C’est pourquoi, en situation interculturelle et tout spécialement en entreprise, les sources de la confiance et de la méfiance sont particulièrement incertaines notamment dans les relations de travail au quotidien à une échelle d’observation micro-sociale.
3 – La construction sociale de la confiance : une gestion permanente de l’incertitude
A l’échelle micro-sociale, celle des interactions entre acteurs, que ce soit au moment des réunions de travail ou des prises de décision, la confiance ne relève pas que des valeurs. Elle relève aussi des pratiques quotidiennes et donc d’une construction sociale sous contrainte de situation et du jeu social engagé pour investir, innover ou organiser une tâche. La confiance est un processus dans le temps qui n’est ni donné ni acquis.

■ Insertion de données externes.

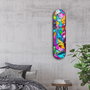 Wallity Pintura Decorativa Graffiti Abstract de Vidrio Templado 20 x 80 cm
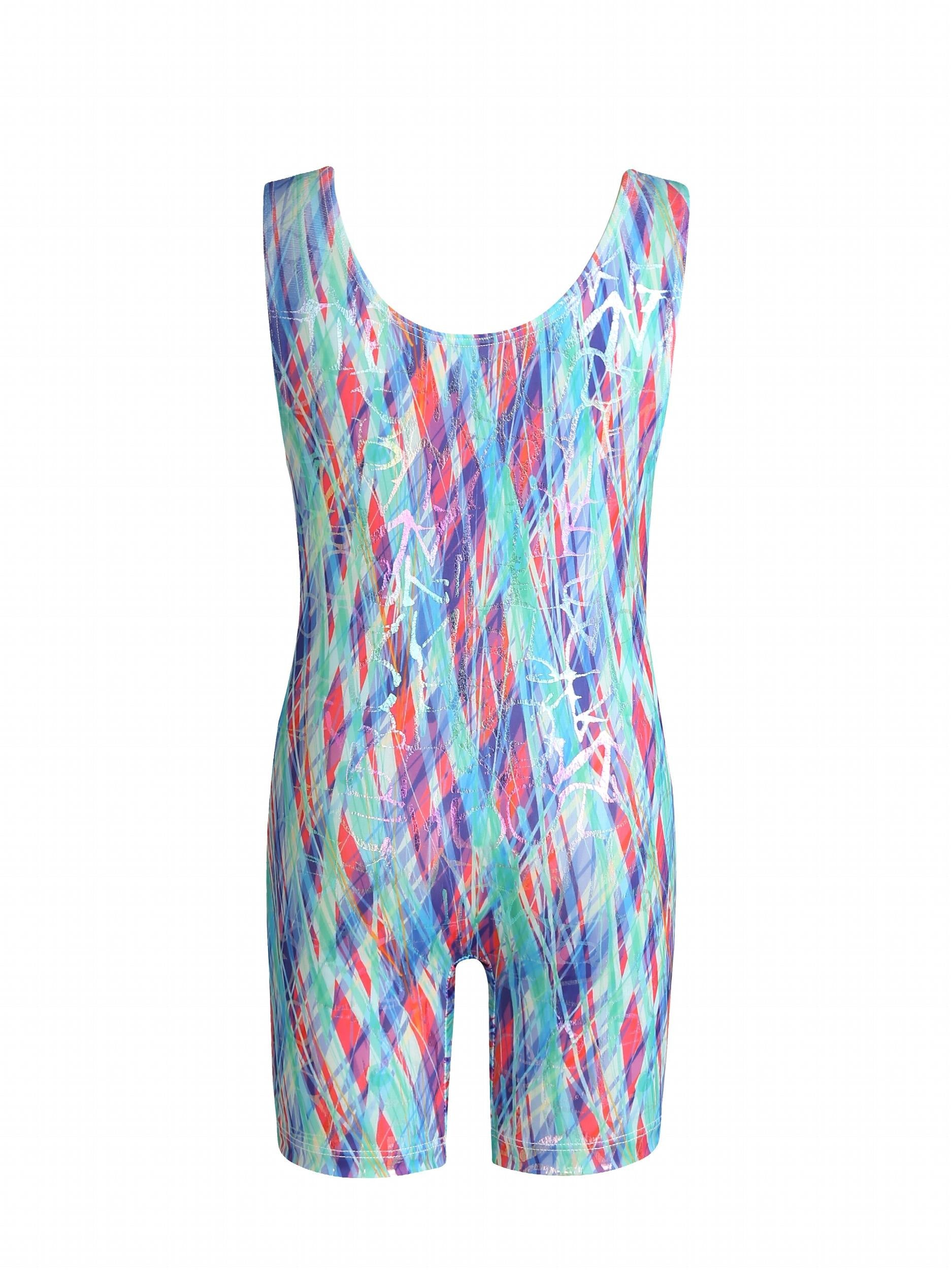Girls Sleeveless Athletic Jumpsuit Gymnastics Practice Performance Leotards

Or la confiance, à l’échelle micro-sociale repose sur une double incertitude : celle de l’intérêt qu’a chaque acteur à faire ou non confiance et celle des signes de la confiance ou de la méfiance en fonction des cultures. La réduction de cette incertitude peut se faire suivant deux grandes stratégies : la première est une stratégie d’observation de ce qui donne confiance ou au contraire produit de la méfiance, le restaurant en France et en Chine étant un des lieux privilégiés de cette observation, cela pouvant être moins vrai pour un anglo-saxon ou un scandinave ; la deuxième est une stratégie de compréhension des conditions sociales de la confiance, c’est-à-dire de ce qui fait qu’un acteur est amené à faire confiance soit par contrainte, soit par intérêt, soit par valeur.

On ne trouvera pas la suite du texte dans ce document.